Version Control via Git
Remember the feeling you had when you created your first ‘Hello World’ program? Super exciting right! I can imagine, since then, you have made great strides in your learning and dove deeper and deeper into the syntax of your chosen programming language. As you’ve progressed, you’ve learned about loops, higher order functions, classes, inheritance patterns, etc. You eventually decide that you are ready to begin work on a complete application, and in doing so, you come to a point where you believe collaborating with other developers would be beneficial.
So what’s next? How do you send over your code to other developers so they can work on features for the application? Do you send your entire folder, have them make changes, and send it back to you? You could but then how would you know what changes were made and where? Later down the line, when something breaks, how do you know who’s to blame? How do you revert your code back into a working state? So many questions and so much STRESS!
Now imagine a world where there is a system that makes collaboration effortless and efficient, keeps track of who made what changes, and somehow has the power of a flux capacitor and is able to take your code back into a past, working state…
Great Scott! Imagine no longer. With a Version Control System (VCS) , you can do exactly that. In the scope of this article we will discuss what a VCS is, dive into Git, the most popular VCS in use today, explore its capabilities, and venture a bit into GitHub.
What is Version Control?
A VCS is a system that stores changes to a file(s) over time, allowing you to be able to refer to specific versions later. It involves taking snapshots of your file at different stages. This snapshot records information about when the snapshot was made, and also what changes occurred between different snapshots, allowing us to essentially rewind our file to an older version.
Benefits of Using a VCS
- Complete long term history of every file and its changes.
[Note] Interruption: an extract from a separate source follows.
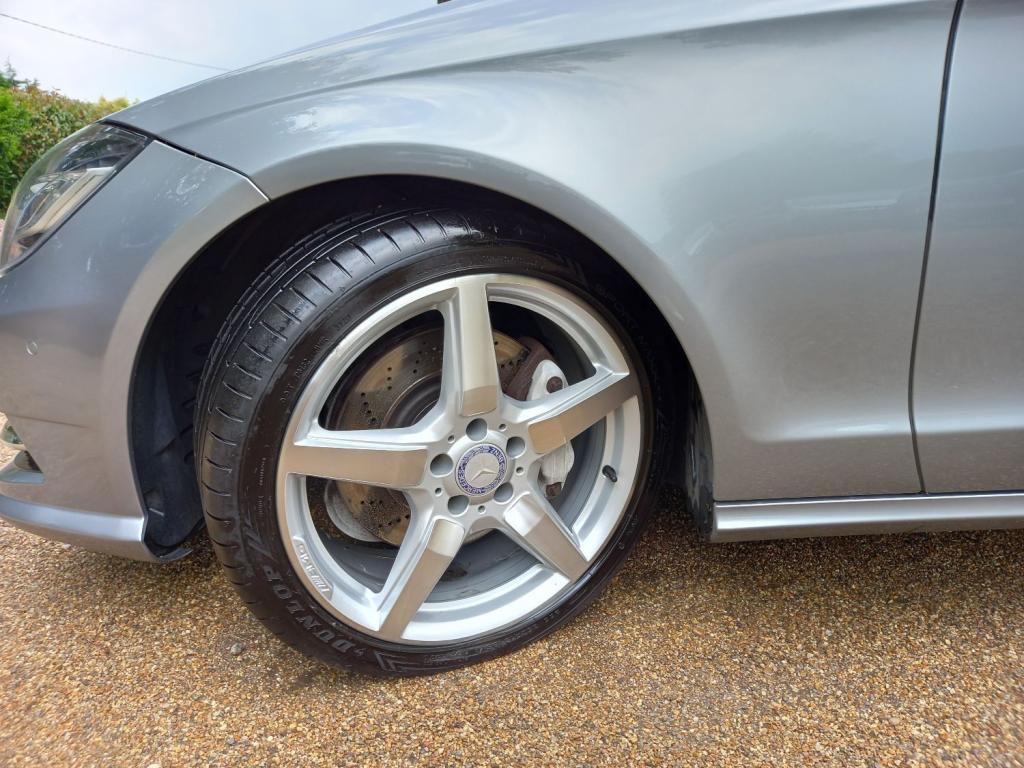 MERCEDES-BENZ CLS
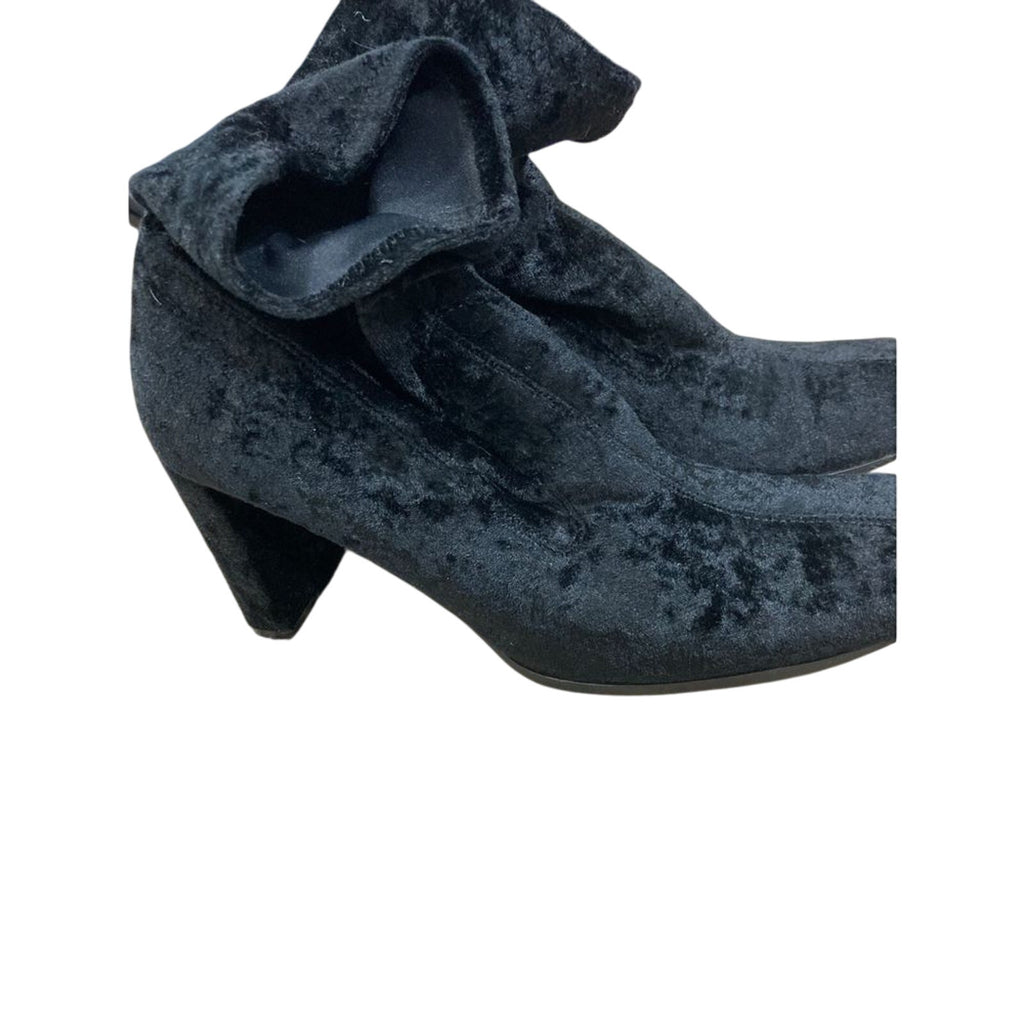 Chinese Laundry NWOT Faux Suede Ankle Booties GNO Classy Minimalist Preppy 7.5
- Logs every change made by many individuals.
- Changes include the creation/deletion of files and edits to their contents.
- Ability to revert changes and move backwards through time to previous versions.
2. Branching & Merging
- Multiple individuals can work on a file simultaneously.
- Merge multiple versions of a file and manage any conflicts that arise.
- Allows for experimentation with different versions of a file while maintaining its original state.
Note: Although version control is particularly useful for collaboration, it is also beneficial for individuals working on solo projects by providing the ability to work on independent streams of changes.
3. Traceability
- Able to trace each change made to your project.
- Able to supply a message describing the purpose and intent of the change. When working with legacy code especially, this makes it easier to understand why the code was designed in such a way and allows for more harmonious changes in the future.
While it is obviously possible to develop software without the use of a VCS, doing so is an unnecessary risk that should be avoided. Let’s explore one of the most popular VCSs.
Git
Taken from Wikipedia,
Git is a distributed version-control system for tracking changes in source code during software development. It is designed for coordinating work among programmers, but it can be used to track changes in any set of files. Its goals include speed, data integrity, and support for distributed, non-linear workflows
So the question arises, what makes Git any different from other VCSs and why is it the most popular of them?
1. How Git Thinks About Data
- Other VCSs store info as a set of files & the changes made to each file.
- In contrast, Git thinks of data as a series of snapshots of a filesystem of sorts. With every save (otherwise known as committing — to be discussed momentarily) to your file, it essentially takes a picture of what your files look like at the moment and stores it. If files have not changed, it will not store it, which saves on undue space usage.
2. Locality & Speed
- The whole history of your project is stored on your local disk. Because of this, when trying to browse the history of your project, Git responds almost instantaneously.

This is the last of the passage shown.